Captioned web images
────────────────
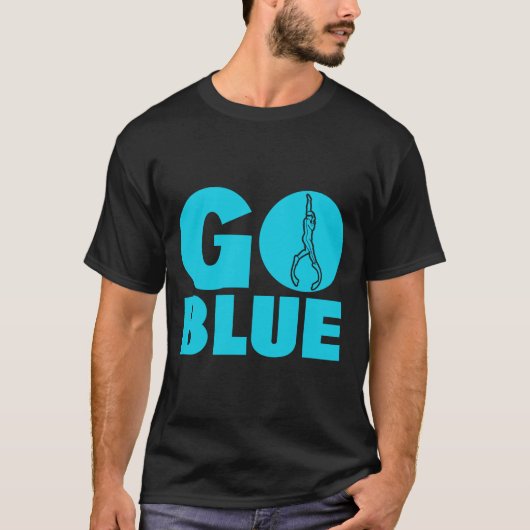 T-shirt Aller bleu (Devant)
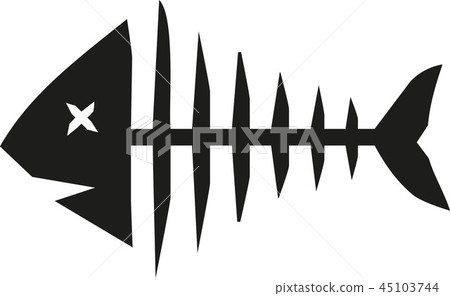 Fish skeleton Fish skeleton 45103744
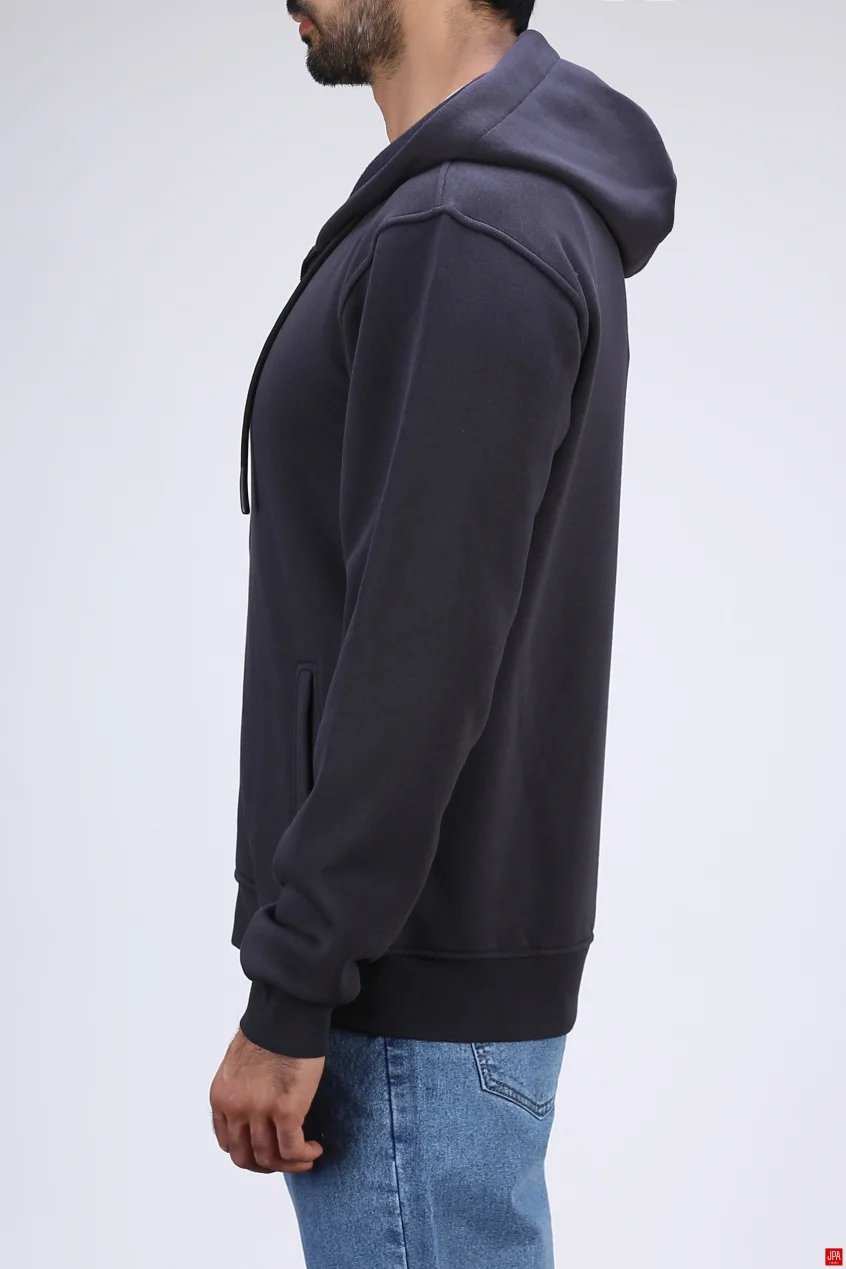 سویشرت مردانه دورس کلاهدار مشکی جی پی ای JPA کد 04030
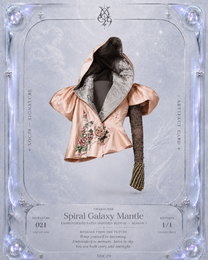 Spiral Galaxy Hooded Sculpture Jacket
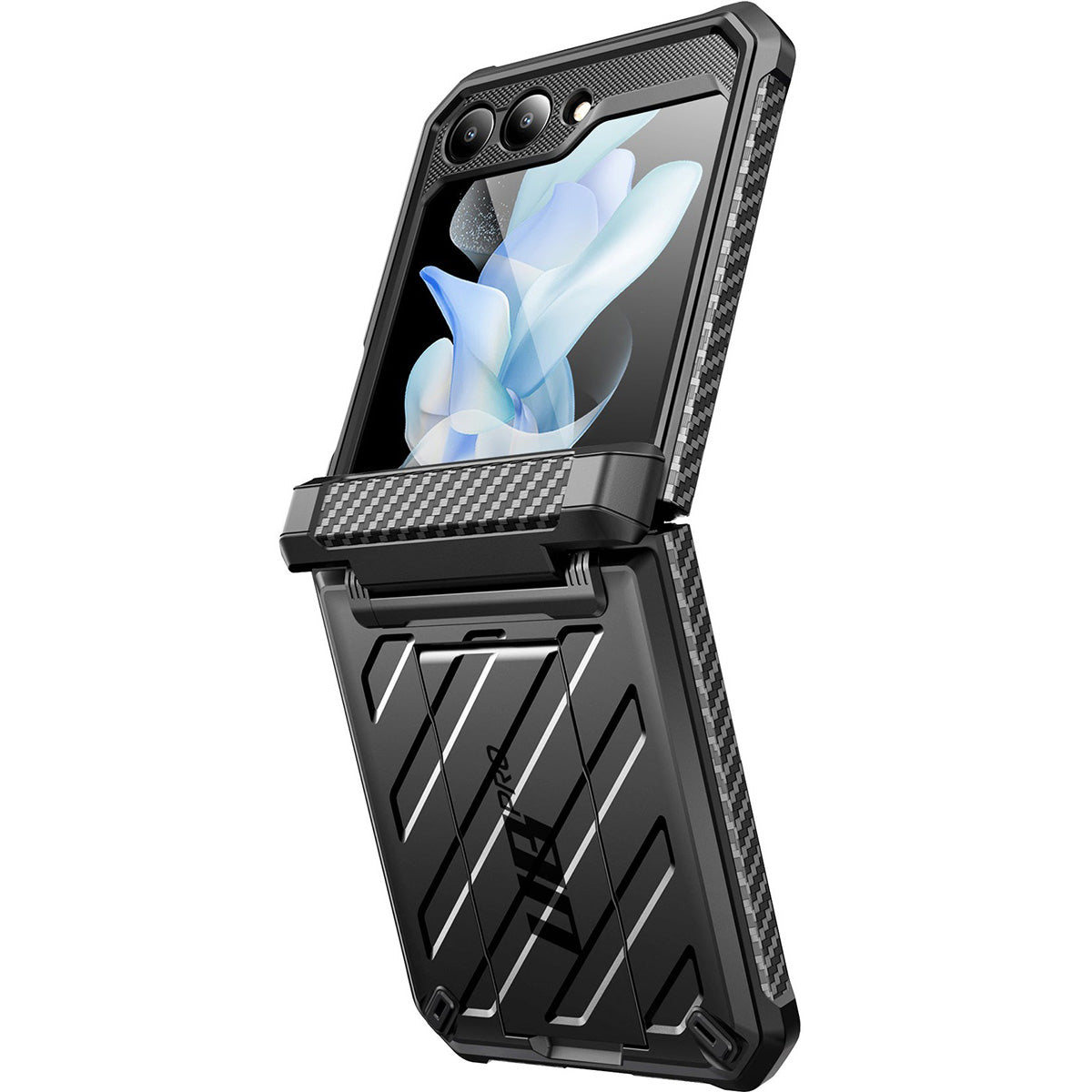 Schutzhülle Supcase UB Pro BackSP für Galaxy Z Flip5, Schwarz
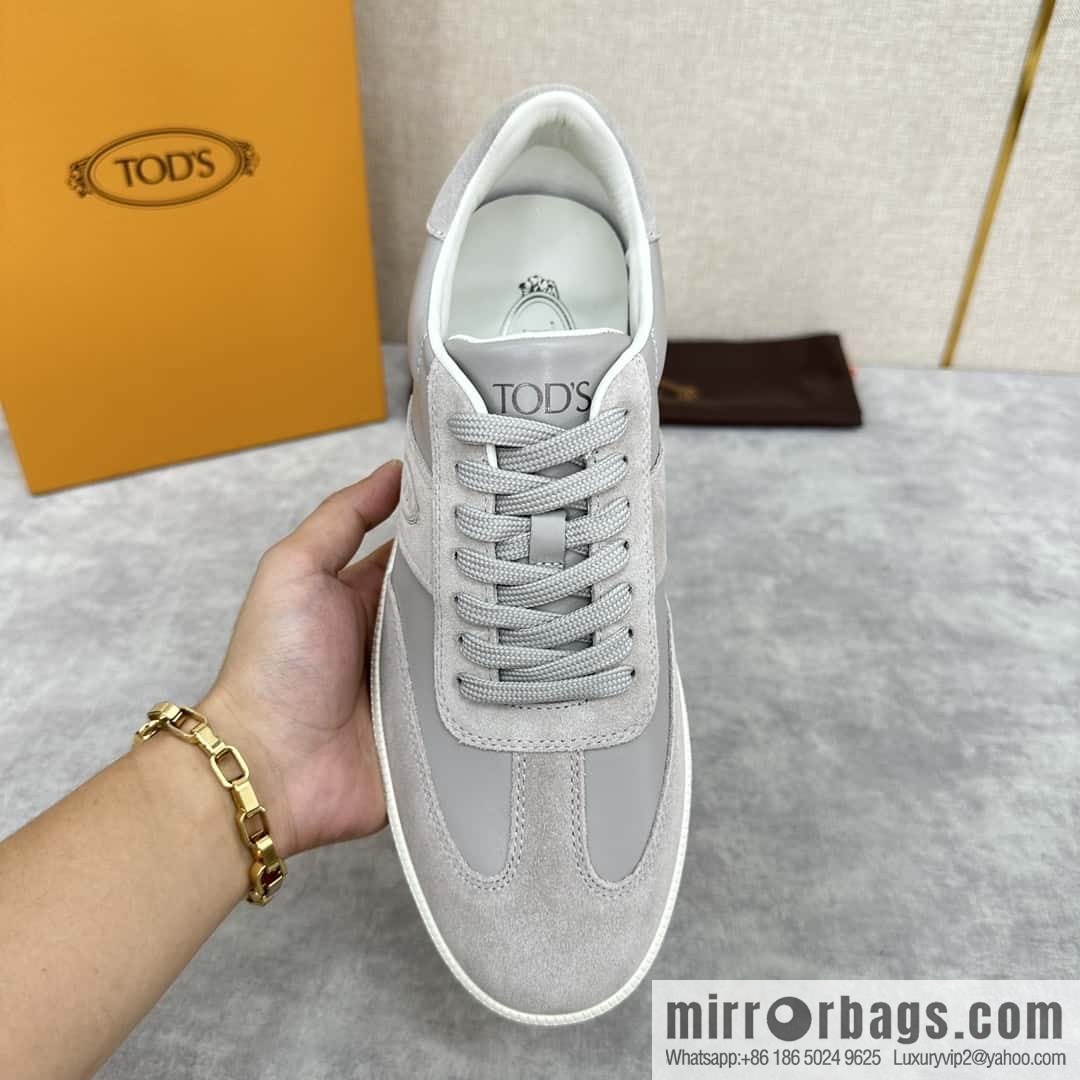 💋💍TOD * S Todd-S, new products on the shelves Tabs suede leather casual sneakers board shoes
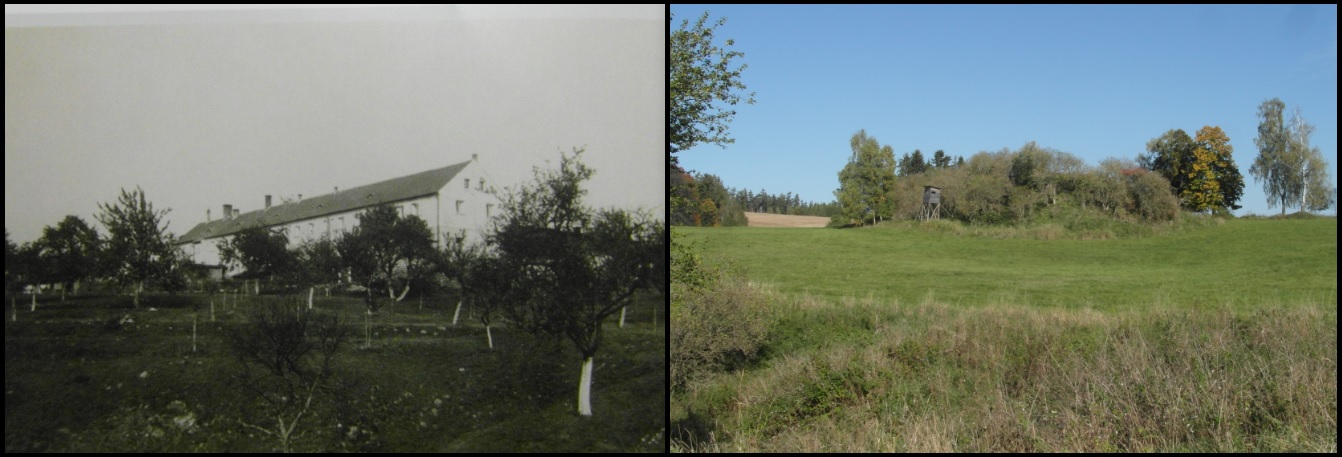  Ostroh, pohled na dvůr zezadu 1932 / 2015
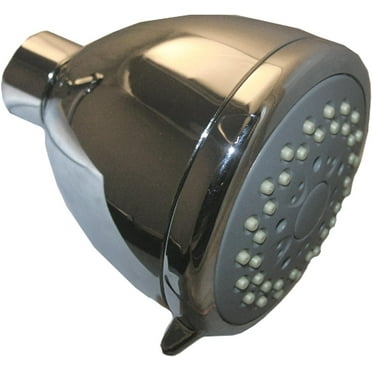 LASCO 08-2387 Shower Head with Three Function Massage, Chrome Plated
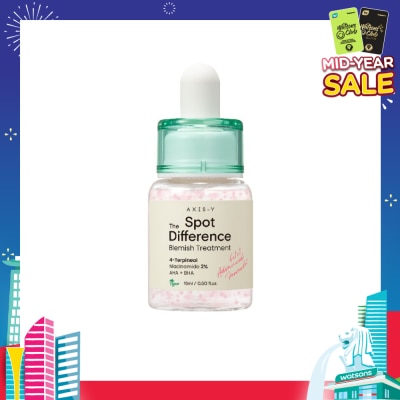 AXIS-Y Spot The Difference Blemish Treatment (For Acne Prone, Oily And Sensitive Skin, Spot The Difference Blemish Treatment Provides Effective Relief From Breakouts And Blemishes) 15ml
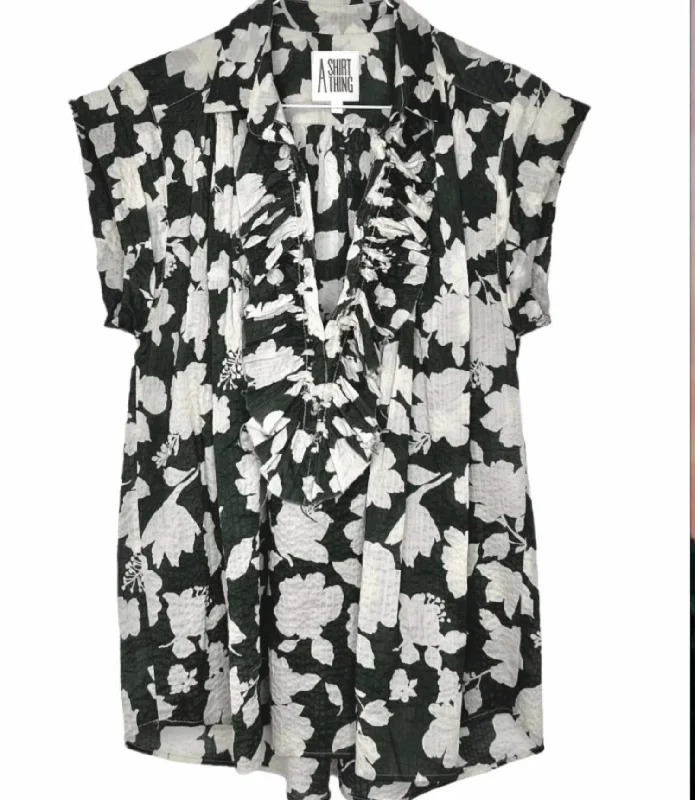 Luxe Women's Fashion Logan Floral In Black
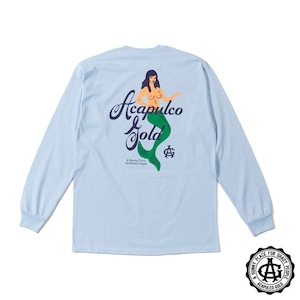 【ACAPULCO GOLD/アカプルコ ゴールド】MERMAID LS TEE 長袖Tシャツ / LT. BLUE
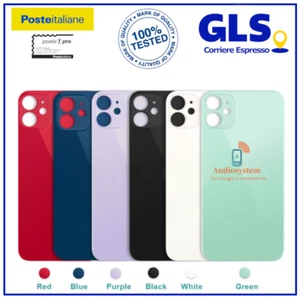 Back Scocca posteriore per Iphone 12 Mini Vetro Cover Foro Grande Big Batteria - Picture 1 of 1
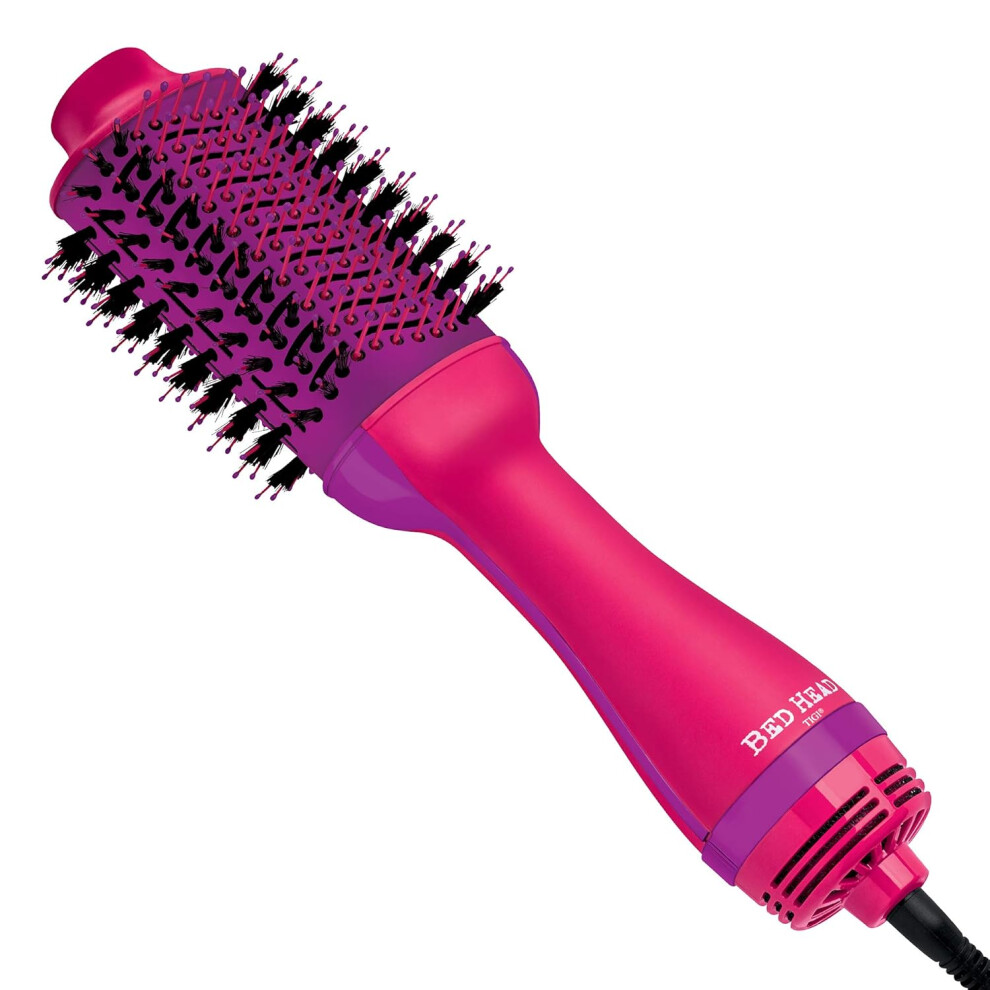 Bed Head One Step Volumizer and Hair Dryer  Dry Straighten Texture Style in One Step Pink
────────────────
■ TO DO ■
Each record must be quoted in full and exactly. Do not include the pictures.

■ SOLUTION FOR THIS TASK ■
 T-shirt Aller bleu (Devant)
 Fish skeleton Fish skeleton 45103744
 سویشرت مردانه دورس کلاهدار مشکی جی پی ای JPA کد 04030
 Spiral Galaxy Hooded Sculpture Jacket
 Schutzhülle Supcase UB Pro BackSP für Galaxy Z Flip5, Schwarz
 💋💍TOD * S Todd-S, new products on the shelves Tabs suede leather casual sneakers board shoes
  Ostroh, pohled na dvůr zezadu 1932 / 2015
 LASCO 08-2387 Shower Head with Three Function Massage, Chrome Plated
 AXIS-Y Spot The Difference Blemish Treatment (For Acne Prone, Oily And Sensitive Skin, Spot The Difference Blemish Treatment Provides Effective Relief From Breakouts And Blemishes) 15ml
 Luxe Women's Fashion Logan Floral In Black
 【ACAPULCO GOLD/アカプルコ ゴールド】MERMAID LS TEE 長袖Tシャツ / LT. BLUE
 Back Scocca posteriore per Iphone 12 Mini Vetro Cover Foro Grande Big Batteria - Picture 1 of 1
 Bed Head One Step Volumizer and Hair Dryer  Dry Straighten Texture Style in One Step Pink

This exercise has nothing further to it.